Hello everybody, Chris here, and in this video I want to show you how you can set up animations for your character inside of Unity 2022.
.....
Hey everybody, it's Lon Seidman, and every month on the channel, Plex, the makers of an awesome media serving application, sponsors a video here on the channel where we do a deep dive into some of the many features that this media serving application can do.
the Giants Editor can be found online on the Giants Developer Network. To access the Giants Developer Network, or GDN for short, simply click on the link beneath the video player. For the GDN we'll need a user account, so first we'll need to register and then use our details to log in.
.....
Task goal
Lines in the material above that include the string "everybody" should be listed.

The answer
Hello everybody, Chris here, and in this video I want to show you how you can set up animations for your character inside of Unity 2022.
Hey everybody, it's Lon Seidman, and every month on the channel, Plex, the makers of an awesome media serving application, sponsors a video here on the channel where we do a deep dive into some of the many features that this media serving application can do.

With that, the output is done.